>>>>

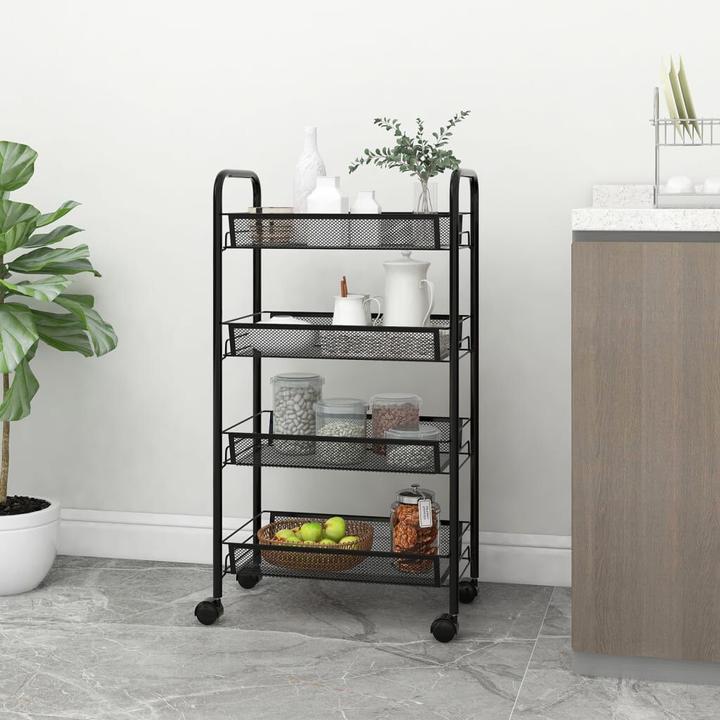 Actual product image vidaXL Küchenwagen
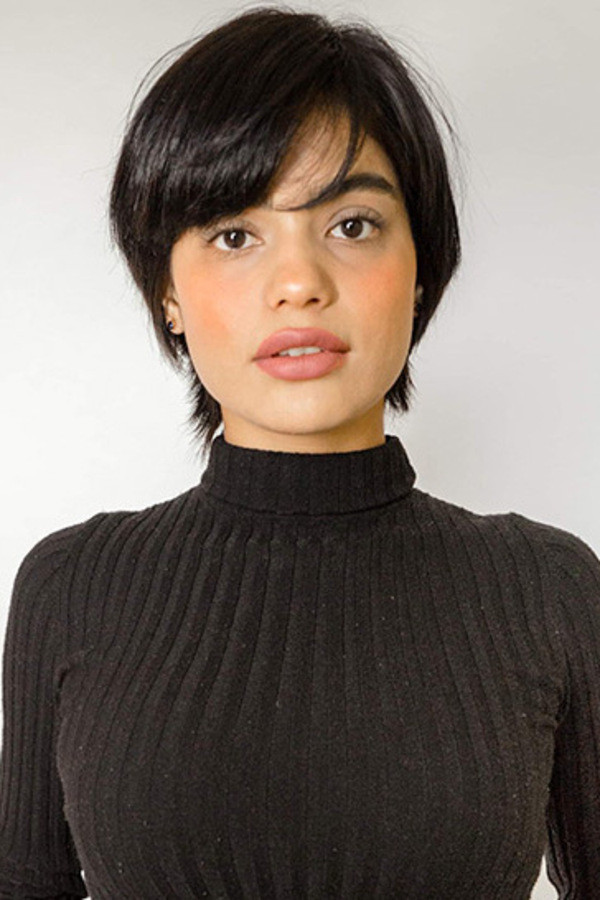 Andrea Aldana backdrop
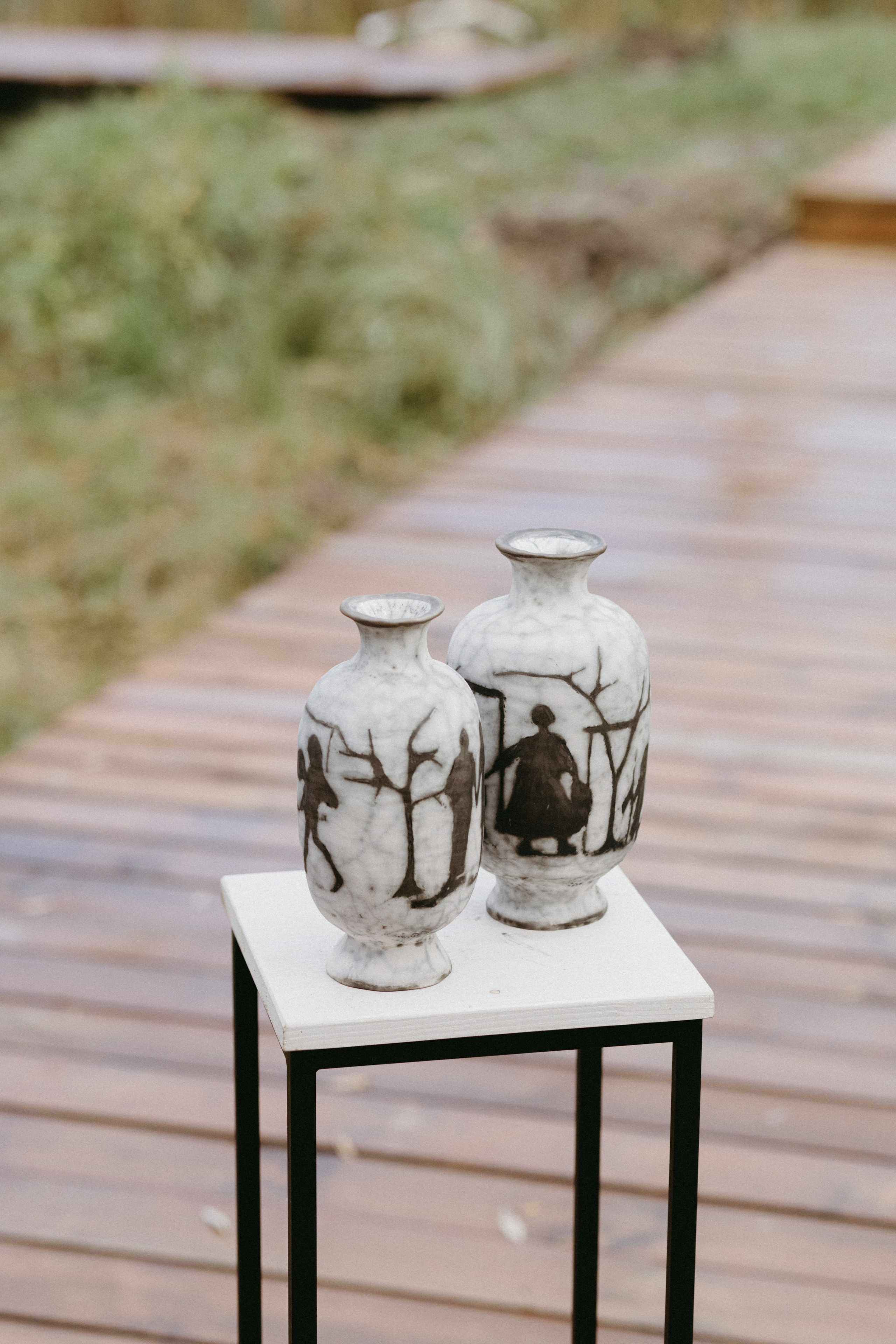 Новые земли. Про любовь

<<<<

● TASK REQUIREMENTS
From the first line to the last, give the data again exactly, but without pictures.

● REPLY TO THE EXERCISE
 Actual product image vidaXL Küchenwagen
 Andrea Aldana backdrop
 Новые земли. Про любовь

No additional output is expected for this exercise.